- Born: 13 May [O.S. 1 May] 1885 Smolensk, Russian Empire
- Died: January 7, 1963 (aged 82) Yerevan, Armenian SSR, Soviet Union
- Other name: Lydia Durnova (used until 1952 as a pseudonym to cover up her aristocratic roots)
- Occupation: Art history
- Awards: Honored Art Worker of the Armenian SSR (1945)

= Lydia Durnovo =

Lydia Aleksandrovna Durnovo (Лидия Александровна Дурново; 1885 – 1963) was a Soviet art historian and art restorer. She specialized in medieval art, especially in early Russian painting and Armenian illuminated manuscripts (miniatures) and frescoes.

Born in the Russian city of Smolensk, Durnovo first attended a local gymnasium and a painting school before moving to Saint Petersburg where she attended the School of Technical Drawing of Baron Alexander von Stieglitz beginning in 1903. She subsequently completed her postgraduate studies at the State Institute of Art History (Государственный институт истории искусств) and the Archaeology Institute (ru) between 1920 and 1923. Durnovo worked as a research fellow at the Archaeology Institute, specializing in early Russian art. She was also the assistant curator of the Russian Museum.

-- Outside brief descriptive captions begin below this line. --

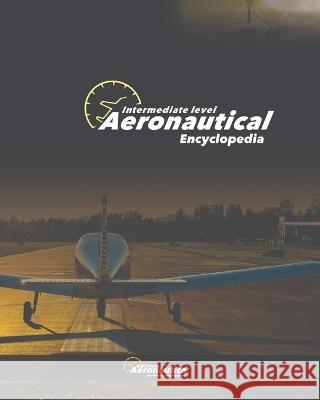 Aeronautical Encyclopedia: Intemerdiate level Facundo Conforti   9798386604295 Independently Published - książka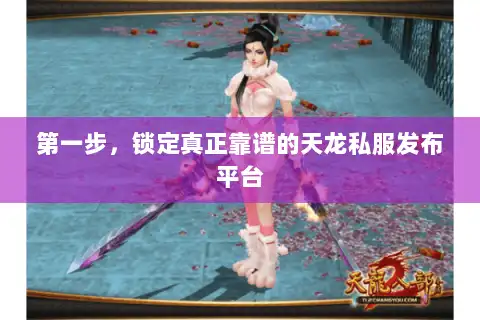 第一步,锁定真正靠谱的天龙私服发布平台 第一步,锁定真正靠谱的天龙私服发布平台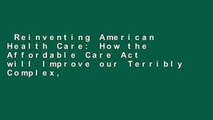 Reinventing American Health Care: How the Affordable Care Act will Improve our Terribly Complex,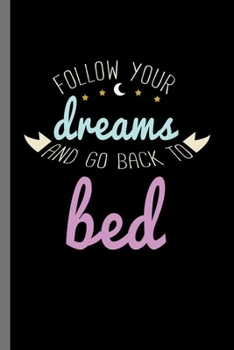 Paperback Follow your dreams and go back to bed: Follow Your Dreams And Go Back To Bed Funny Lazy Sluggish Sleepy Head Bedhead Gift (6"x9") Dot Grid notebook Jo Book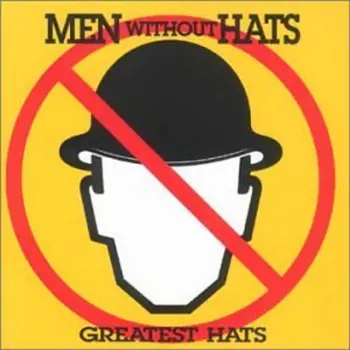 Men Without Hats: Greatest Hats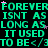 Green pixelated text repeats 'FOREVER ISNT AS LONG AS IT USED TO BE' with pink stars on black background, partially obscured by gray rectangle.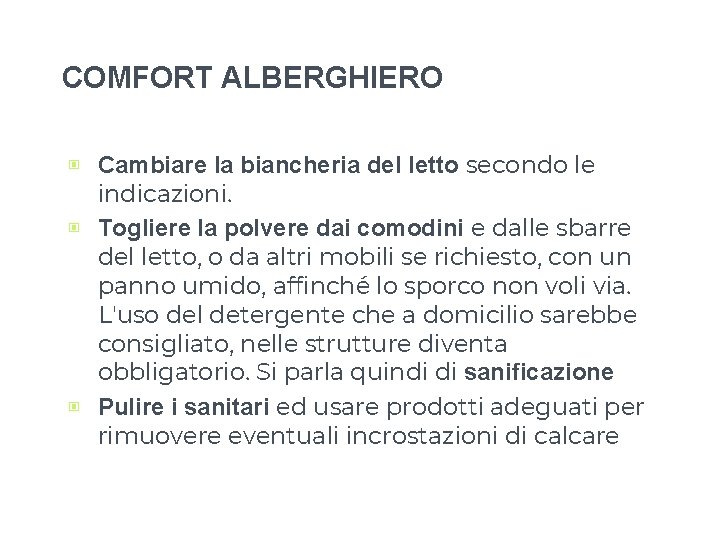 COMFORT ALBERGHIERO ▣ Cambiare la biancheria del letto secondo le indicazioni. ▣ Togliere la COMFORT ALBERGHIERO ▣ Cambiare la biancheria del letto secondo le indicazioni. ▣ Togliere la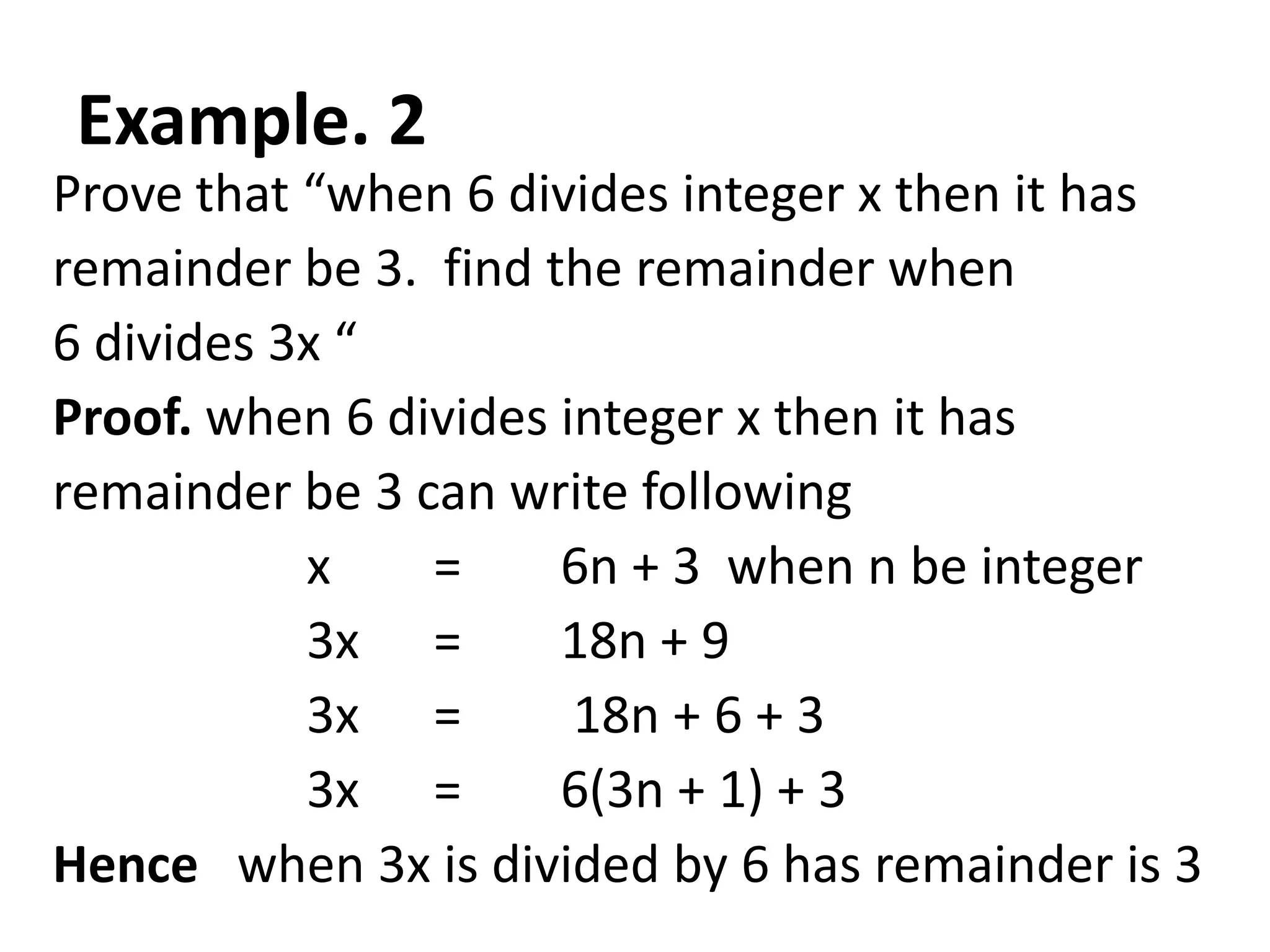 Example. 2
Prove that “when 6 divides integer x then it has
remainder be 3. find the remainder when
6 divides 3x “
Proof. when 6 divides integer x then it has
remainder be 3 can write following
           x    =     6n + 3 when n be integer
           3x =       18n + 9
           3x =        18n + 6 + 3
           3x =       6(3n + 1) + 3
Hence when 3x is divided by 6 has remainder is 3
 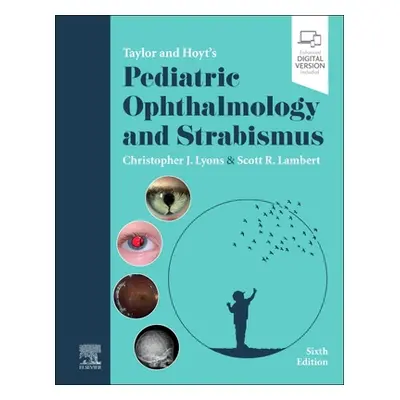 "Taylor and Hoyt's Pediatric Ophthalmology and Strabismus" - "" ("Lyons Christopher J.")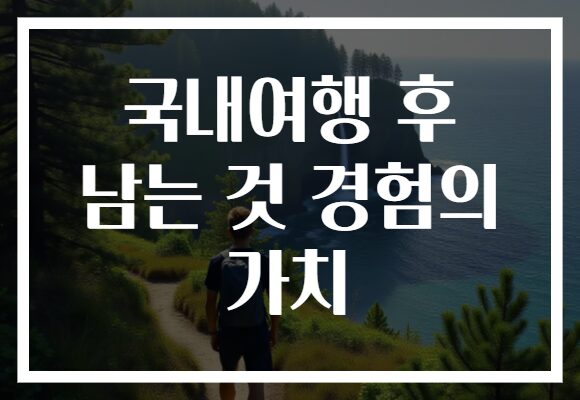 국내여행 후 남는 것 경험의 가치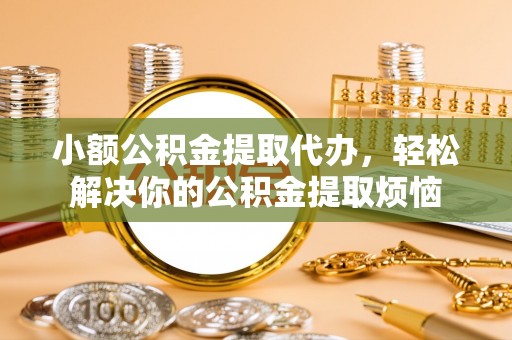 山丹小额公积金提取代办，轻松解决你的公积金提取烦恼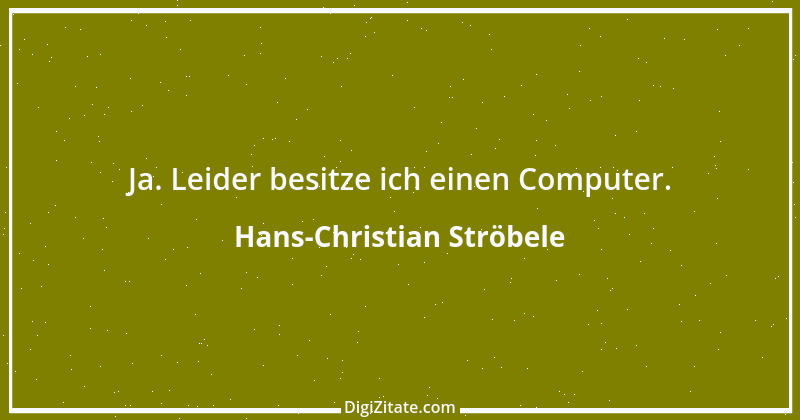 Zitat von Hans-Christian Ströbele 6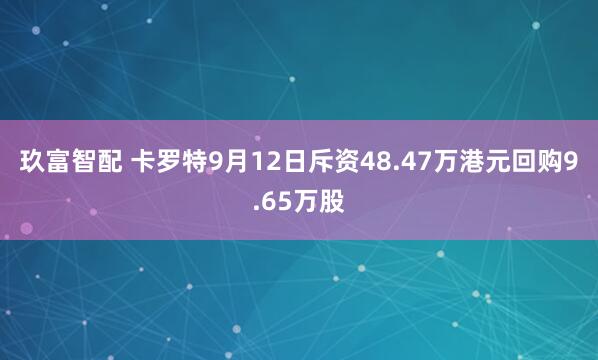 玖富智配 卡罗特9月12日斥资48.47万港元回购9.65万股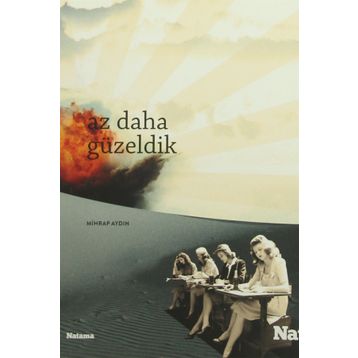 Az Daha Güzeldik - Mihrap Aydın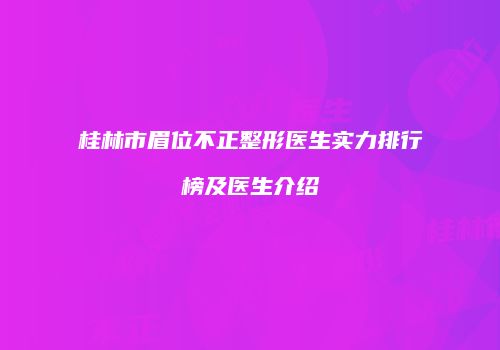 桂林市眉位不正整形医生实力排行榜及医生介绍
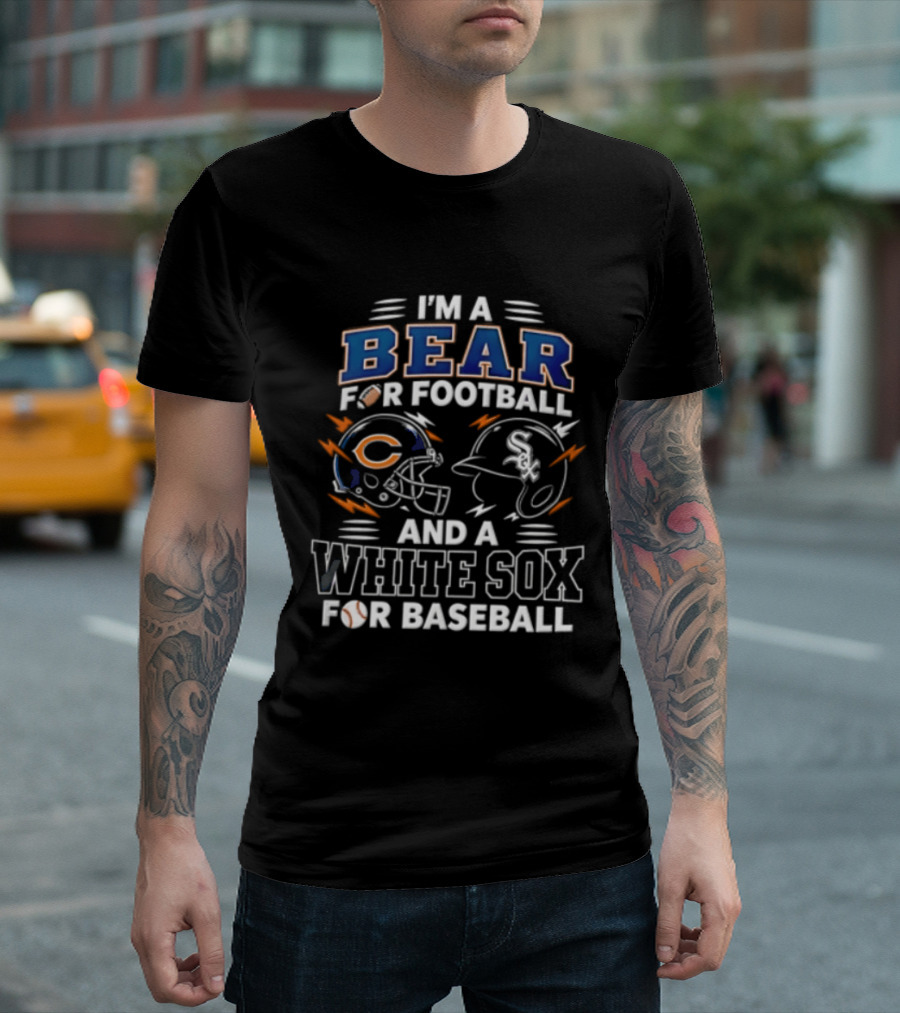 I'm A Bear For Football And A White Sox For Baseball T-Shirt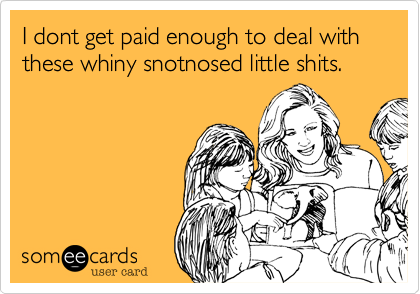 I dont get paid enough to deal with these whiny snotnosed little shits.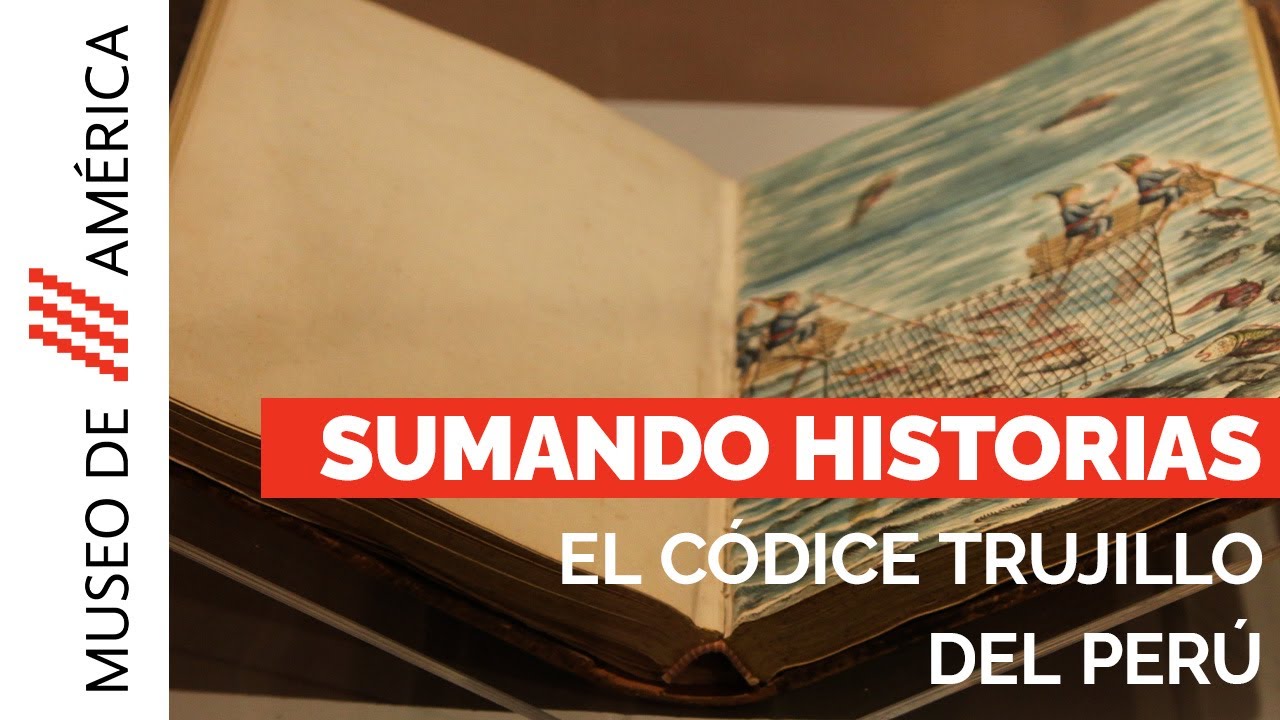 SUMANDO HISTORIAS. El códice Trujillo de Perú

In October 1933 she was arrested for allegedly being an "active member of a counterrevolutionary fascist organization." She was deported to Siberia and eventually freed three years later, in November 1936. Durnovo moved to the Armenian capital of Yerevan and became a member of the staff of the National Gallery of Armenia. Until 1951 she was devoted to the study of medieval Armenian frescoes and illuminated manuscripts. She specialized in medieval Armenian art, and by the mid-1950s Durnovo earned the reputation of an authoritative expert in the field. She supervised the restoration of the Etchmiadzin Cathedral's frescoes. She was rehabilitated by the Soviet government in 1956.

==Publications==
- Собрание копий памятников древнерусской монументальной живописи Государственного института истории искусств. Л., 1925.
- Техника древнерусской живописи. Русский музей. Художественный отдел. Материалы по технике и методам реставрации древнерусской живописи. Л., 1926.
- Техника древнерусской фрески. Секция пространственных мастеров и научно-показательная часть. Техника стенописи. Гос. академия художественных наук. М., 1927.
- Икона Спаса Нерукотворного (№ 3045. Гос. русский музей). Сб. «Материалы по русскому искусству», т. I. Л., 1928.
- "Древнеармянская миниатюра [Old Armenian miniature]" (1952)
  - "Miniatures arméniennes" (1960)
  - "Armenian miniatures" (1961)
- "Краткая история древнеармянской живописи [Brief History of Ancient Armenian Painting]" (1957)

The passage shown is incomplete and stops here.